Geographical location map of Pu County

Causative factors

Based on geological environmental conditions, geological hazard development mechanism and related assessment work in the study area, ten factors including distance from fault (DFF), distance from roads (DFR1), distance from rivers (DFR2), average annual rainfall (AAR) and normalized vegetation index (NDVI) were selected for correlation analysis and geological hazard susceptibility evaluation.

Elevation is the most commonly used index in geological hazard susceptibility evaluation. Potential energy is more likely to be converted into kinetic energy and geological hazards occur in areas with greater elevation changes. (Xiong et al. 2017).
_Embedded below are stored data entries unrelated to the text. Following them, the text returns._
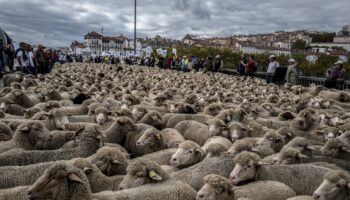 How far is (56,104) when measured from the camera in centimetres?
866

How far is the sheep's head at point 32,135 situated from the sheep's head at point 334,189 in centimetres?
415

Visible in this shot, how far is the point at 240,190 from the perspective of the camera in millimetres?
4566

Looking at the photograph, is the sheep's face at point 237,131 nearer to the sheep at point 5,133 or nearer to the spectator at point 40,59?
the sheep at point 5,133

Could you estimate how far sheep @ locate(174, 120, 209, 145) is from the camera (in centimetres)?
728

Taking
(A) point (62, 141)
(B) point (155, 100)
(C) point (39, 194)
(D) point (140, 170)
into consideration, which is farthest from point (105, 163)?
(B) point (155, 100)

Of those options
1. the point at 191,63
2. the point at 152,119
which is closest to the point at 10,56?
the point at 191,63

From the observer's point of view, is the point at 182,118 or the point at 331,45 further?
the point at 331,45

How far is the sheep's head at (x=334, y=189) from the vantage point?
171 inches

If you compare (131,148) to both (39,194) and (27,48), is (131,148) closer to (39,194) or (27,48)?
(39,194)

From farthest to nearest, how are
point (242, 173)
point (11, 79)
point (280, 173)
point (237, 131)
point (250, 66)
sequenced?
point (250, 66), point (11, 79), point (237, 131), point (280, 173), point (242, 173)

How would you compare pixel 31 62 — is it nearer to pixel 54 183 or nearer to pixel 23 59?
pixel 23 59

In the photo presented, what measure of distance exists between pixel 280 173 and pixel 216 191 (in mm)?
1406

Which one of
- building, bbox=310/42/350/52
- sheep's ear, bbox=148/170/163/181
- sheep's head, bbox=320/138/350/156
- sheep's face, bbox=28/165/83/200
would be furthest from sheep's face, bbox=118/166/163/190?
building, bbox=310/42/350/52

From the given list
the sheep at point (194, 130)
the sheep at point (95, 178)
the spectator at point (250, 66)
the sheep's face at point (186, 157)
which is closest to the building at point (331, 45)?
the spectator at point (250, 66) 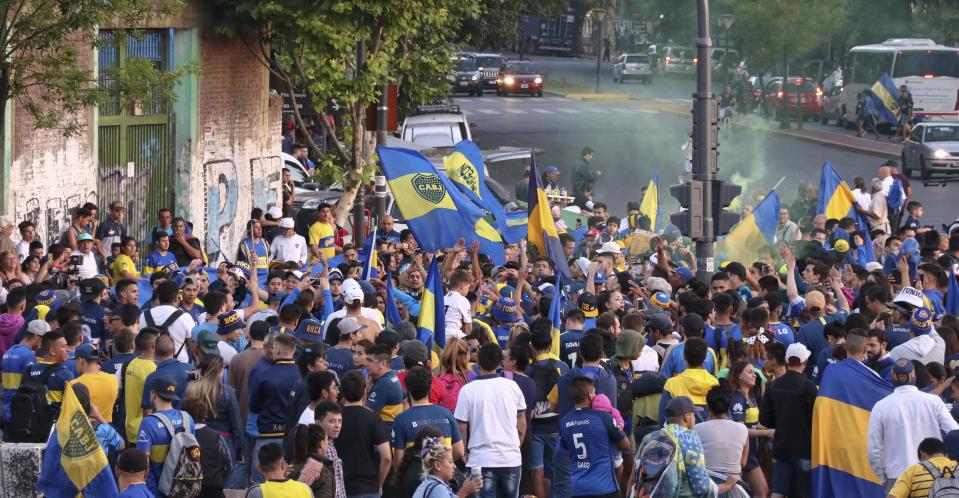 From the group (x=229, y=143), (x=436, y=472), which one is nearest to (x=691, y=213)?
(x=436, y=472)

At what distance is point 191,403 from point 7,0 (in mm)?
7656

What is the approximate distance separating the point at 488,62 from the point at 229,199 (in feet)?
131

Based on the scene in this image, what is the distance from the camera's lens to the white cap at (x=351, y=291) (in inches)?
516

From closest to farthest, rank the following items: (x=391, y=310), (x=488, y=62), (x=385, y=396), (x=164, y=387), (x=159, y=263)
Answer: (x=164, y=387)
(x=385, y=396)
(x=391, y=310)
(x=159, y=263)
(x=488, y=62)

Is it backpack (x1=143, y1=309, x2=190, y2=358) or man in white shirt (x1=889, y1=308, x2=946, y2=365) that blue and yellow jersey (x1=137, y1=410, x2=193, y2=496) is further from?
man in white shirt (x1=889, y1=308, x2=946, y2=365)

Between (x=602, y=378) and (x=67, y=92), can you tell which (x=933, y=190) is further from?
(x=602, y=378)

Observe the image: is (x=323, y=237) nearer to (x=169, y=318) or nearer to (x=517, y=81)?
(x=169, y=318)

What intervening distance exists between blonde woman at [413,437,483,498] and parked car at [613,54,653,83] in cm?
6210

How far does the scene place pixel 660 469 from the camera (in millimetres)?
9062

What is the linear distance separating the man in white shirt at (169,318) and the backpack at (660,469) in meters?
4.85

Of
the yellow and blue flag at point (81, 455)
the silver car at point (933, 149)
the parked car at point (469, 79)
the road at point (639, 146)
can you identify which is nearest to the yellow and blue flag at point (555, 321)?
the yellow and blue flag at point (81, 455)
Slope is the embodiment of the steepness of a local area and is one of the key indexes in the evaluation of geological hazard susceptibility (Bordoni et al. 2020; Zhang et al. 2020). The distribution of light duration and intensity and rainfall infiltration was different in different aspect (Erener and Duzgun 2013). Curvature refers to the topographic form of slope, which has an indirect influence on the development range of geological hazards (Pourghasemi et al. 2018).
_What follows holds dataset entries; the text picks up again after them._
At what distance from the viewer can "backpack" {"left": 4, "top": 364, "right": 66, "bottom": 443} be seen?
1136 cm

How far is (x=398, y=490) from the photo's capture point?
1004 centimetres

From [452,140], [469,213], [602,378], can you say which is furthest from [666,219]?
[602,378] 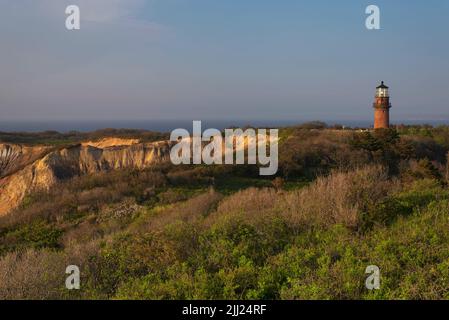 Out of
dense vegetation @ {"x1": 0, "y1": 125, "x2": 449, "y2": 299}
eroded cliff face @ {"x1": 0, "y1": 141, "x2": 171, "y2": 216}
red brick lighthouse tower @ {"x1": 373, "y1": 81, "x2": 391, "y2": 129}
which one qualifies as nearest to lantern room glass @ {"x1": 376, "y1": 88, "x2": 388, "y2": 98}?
red brick lighthouse tower @ {"x1": 373, "y1": 81, "x2": 391, "y2": 129}

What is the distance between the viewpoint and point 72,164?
30766 millimetres

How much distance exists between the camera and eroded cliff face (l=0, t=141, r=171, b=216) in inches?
1107

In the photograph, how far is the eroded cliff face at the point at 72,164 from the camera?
28.1 meters

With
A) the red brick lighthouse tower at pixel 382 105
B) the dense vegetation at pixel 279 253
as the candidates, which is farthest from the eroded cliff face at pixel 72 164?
the red brick lighthouse tower at pixel 382 105

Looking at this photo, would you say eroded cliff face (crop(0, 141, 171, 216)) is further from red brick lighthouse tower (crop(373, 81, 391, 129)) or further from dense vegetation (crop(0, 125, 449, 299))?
red brick lighthouse tower (crop(373, 81, 391, 129))

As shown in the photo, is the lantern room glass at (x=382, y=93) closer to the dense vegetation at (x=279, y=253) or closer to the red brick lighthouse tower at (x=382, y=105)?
the red brick lighthouse tower at (x=382, y=105)

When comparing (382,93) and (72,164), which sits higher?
(382,93)

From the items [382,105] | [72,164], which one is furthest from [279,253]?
[382,105]

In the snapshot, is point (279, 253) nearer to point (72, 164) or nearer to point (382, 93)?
point (72, 164)

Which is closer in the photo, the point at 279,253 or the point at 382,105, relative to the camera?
the point at 279,253

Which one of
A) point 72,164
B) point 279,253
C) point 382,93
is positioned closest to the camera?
point 279,253

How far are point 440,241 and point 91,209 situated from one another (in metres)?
14.5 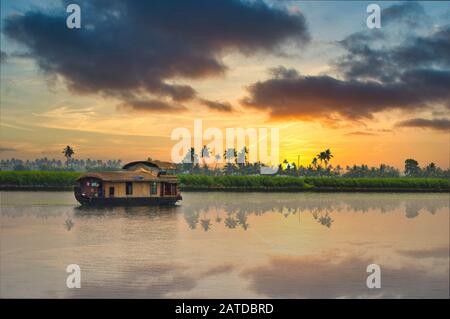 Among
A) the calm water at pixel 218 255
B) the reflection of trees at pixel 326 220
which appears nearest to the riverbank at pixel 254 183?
the calm water at pixel 218 255

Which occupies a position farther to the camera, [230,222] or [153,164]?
[153,164]

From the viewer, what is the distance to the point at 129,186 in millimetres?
31031

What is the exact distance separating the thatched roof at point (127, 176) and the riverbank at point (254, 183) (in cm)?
2425

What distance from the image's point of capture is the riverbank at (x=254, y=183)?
53.5 meters

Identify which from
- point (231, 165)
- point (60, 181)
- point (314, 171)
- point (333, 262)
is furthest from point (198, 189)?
point (333, 262)

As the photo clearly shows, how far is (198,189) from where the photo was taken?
59375 mm

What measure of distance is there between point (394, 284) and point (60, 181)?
46.4 meters

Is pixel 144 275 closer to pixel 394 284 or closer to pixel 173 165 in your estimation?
pixel 394 284

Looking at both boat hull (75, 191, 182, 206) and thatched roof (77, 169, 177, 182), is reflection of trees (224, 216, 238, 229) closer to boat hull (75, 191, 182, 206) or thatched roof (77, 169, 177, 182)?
boat hull (75, 191, 182, 206)

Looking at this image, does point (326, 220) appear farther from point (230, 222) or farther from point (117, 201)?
point (117, 201)

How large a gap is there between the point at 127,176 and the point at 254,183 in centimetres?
3240

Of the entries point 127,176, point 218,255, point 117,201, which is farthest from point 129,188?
point 218,255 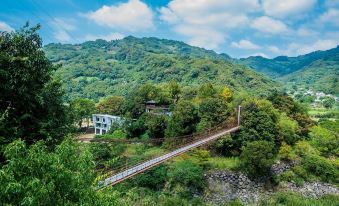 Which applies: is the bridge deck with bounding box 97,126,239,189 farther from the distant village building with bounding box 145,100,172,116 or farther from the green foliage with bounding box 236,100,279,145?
the distant village building with bounding box 145,100,172,116

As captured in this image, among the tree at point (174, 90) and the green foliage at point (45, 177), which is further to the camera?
the tree at point (174, 90)

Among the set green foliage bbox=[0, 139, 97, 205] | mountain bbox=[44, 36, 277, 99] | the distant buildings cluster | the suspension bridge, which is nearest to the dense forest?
green foliage bbox=[0, 139, 97, 205]

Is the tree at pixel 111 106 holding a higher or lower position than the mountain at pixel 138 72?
lower

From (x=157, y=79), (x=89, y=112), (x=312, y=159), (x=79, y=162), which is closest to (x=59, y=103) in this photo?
(x=79, y=162)

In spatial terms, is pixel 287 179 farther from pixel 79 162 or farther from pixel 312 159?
pixel 79 162

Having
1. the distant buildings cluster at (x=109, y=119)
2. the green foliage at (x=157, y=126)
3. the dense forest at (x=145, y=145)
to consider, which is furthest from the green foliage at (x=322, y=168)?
the distant buildings cluster at (x=109, y=119)

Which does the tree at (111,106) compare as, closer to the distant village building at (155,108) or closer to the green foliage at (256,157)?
the distant village building at (155,108)

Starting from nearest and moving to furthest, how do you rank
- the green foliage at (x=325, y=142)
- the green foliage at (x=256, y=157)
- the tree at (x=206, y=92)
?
the green foliage at (x=256, y=157) < the green foliage at (x=325, y=142) < the tree at (x=206, y=92)

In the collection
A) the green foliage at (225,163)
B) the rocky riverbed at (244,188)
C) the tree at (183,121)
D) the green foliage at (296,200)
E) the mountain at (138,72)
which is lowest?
the green foliage at (296,200) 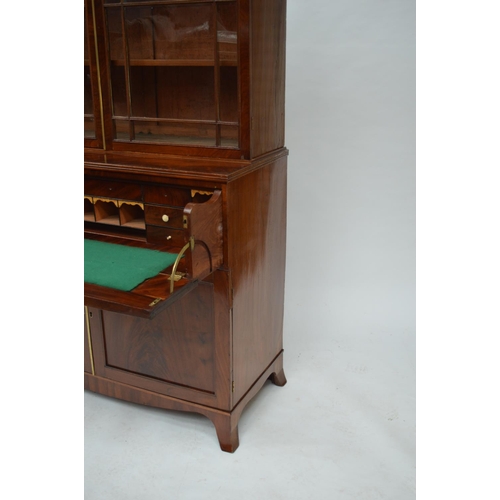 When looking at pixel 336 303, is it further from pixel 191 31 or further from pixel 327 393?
pixel 191 31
The basic property of lithology determines the initial state of slope and the ability to resist weathering and erosion, which is also the most important factor for geological hazards (Lin et al. 2021; Sun et al. 2018). Geological structure movement deteriorates the mechanical properties of rock and soil mass, directly or indirectly leading to the occurrence of geological hazards (Hong et al. 2015). Human engineering construction has great influence on the slope; frequent disturbance may lead to slope instability (Kanwal et al. 2017). Geological hazards are widely distributed in the distance near or very close to the roads, and the number of geological hazards decreases rapidly as the distance becomes longer (Wang et al. 2021b).
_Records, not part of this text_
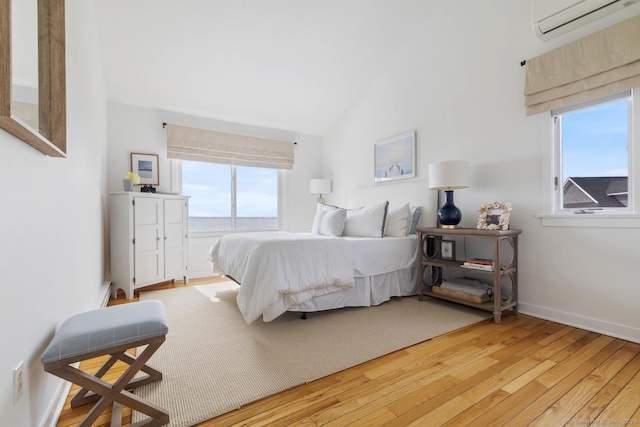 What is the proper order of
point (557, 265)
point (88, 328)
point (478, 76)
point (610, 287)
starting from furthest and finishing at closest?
point (478, 76) → point (557, 265) → point (610, 287) → point (88, 328)

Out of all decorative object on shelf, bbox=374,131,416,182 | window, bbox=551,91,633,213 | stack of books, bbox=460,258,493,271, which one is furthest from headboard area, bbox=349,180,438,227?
window, bbox=551,91,633,213

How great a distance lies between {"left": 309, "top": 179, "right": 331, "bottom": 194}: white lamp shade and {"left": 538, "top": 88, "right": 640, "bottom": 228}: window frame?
311 cm

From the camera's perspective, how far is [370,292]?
9.52 feet

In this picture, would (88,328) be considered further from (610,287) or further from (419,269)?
(610,287)

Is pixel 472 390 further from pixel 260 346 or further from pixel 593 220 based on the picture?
pixel 593 220

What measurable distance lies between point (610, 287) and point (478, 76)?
7.14 feet

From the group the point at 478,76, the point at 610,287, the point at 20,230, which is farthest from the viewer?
the point at 478,76

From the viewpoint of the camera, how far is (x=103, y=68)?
3.31 metres

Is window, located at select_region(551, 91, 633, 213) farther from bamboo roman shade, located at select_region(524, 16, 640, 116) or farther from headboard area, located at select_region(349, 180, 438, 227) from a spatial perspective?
headboard area, located at select_region(349, 180, 438, 227)

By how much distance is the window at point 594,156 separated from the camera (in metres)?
2.16

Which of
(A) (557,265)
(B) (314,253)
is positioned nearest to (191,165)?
(B) (314,253)

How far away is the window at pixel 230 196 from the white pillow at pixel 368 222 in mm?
1974

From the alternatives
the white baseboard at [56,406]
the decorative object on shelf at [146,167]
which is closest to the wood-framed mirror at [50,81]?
the white baseboard at [56,406]

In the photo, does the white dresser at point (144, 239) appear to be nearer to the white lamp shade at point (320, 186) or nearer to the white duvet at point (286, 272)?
the white duvet at point (286, 272) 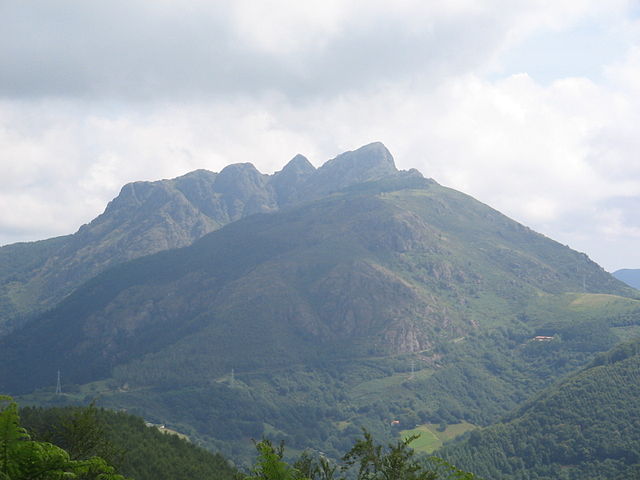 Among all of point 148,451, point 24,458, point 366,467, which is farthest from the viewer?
point 148,451

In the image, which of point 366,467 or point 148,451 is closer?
point 366,467

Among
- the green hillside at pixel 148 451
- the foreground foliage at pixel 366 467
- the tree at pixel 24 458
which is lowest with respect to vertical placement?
the green hillside at pixel 148 451

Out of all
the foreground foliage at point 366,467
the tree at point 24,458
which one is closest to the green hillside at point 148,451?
the foreground foliage at point 366,467

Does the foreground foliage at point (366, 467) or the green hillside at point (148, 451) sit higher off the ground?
the foreground foliage at point (366, 467)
Rainfall not only erodes slopes but also penetrates and softens rocks and soil, providing sufficient hydrodynamic conditions for the occurrence of geological hazards (Li et al. 2020). The erosion of slope surface rock and soil by water system is one of the important causes of geological hazards (Meinhardt et al. 2015). Vegetation can prevent soil erosion and help strengthen the stability of the slope. Generally, the more lush the vegetation, the less prone to slope instability (Chen et al. 2017).

Methods

Pearson correlation coefficient

Pearson’s correlation coefficient can be calculated to evaluate the overall linear relationship (Biswas and Si 2011), usually expressed as r. It can also represent the positive and negative correlation between variables (Hu et al. 2021). In general, the higher the correlation between variables, the closer the absolute value of r is to 1. The degree of correlation between variables are divided into small, low significant correlation and the strong correlation, the r value range of the corresponding to |r| < 0.3, 0.3 ≤ |r| < 0.5, 0.5 ≤ |r| < 0.8, |r| ≥ 0.8 (Guo 2020).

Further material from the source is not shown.